### [Task to carry out]
Take each line of the records below that contains the string "Floor" and copy it.

### [Supplied material]
::::::::::

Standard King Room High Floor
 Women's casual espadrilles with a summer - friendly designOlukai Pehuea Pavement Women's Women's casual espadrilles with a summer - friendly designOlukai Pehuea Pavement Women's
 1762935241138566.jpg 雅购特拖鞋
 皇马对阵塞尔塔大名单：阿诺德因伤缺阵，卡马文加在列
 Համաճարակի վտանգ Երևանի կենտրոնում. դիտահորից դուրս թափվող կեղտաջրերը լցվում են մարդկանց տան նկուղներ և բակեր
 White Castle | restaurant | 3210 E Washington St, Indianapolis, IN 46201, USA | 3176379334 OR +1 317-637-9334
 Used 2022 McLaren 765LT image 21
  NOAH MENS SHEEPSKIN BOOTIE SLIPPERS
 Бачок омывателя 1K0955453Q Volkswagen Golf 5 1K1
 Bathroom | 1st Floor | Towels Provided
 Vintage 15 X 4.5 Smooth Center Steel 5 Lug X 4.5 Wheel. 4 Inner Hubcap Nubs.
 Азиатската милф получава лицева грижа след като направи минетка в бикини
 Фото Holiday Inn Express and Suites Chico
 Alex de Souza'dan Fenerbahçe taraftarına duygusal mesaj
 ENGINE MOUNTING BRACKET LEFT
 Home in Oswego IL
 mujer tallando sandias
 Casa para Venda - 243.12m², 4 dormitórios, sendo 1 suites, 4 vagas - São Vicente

::::::::::

### [Answer space]
Standard King Room High Floor
 Bathroom | 1st Floor | Towels Provided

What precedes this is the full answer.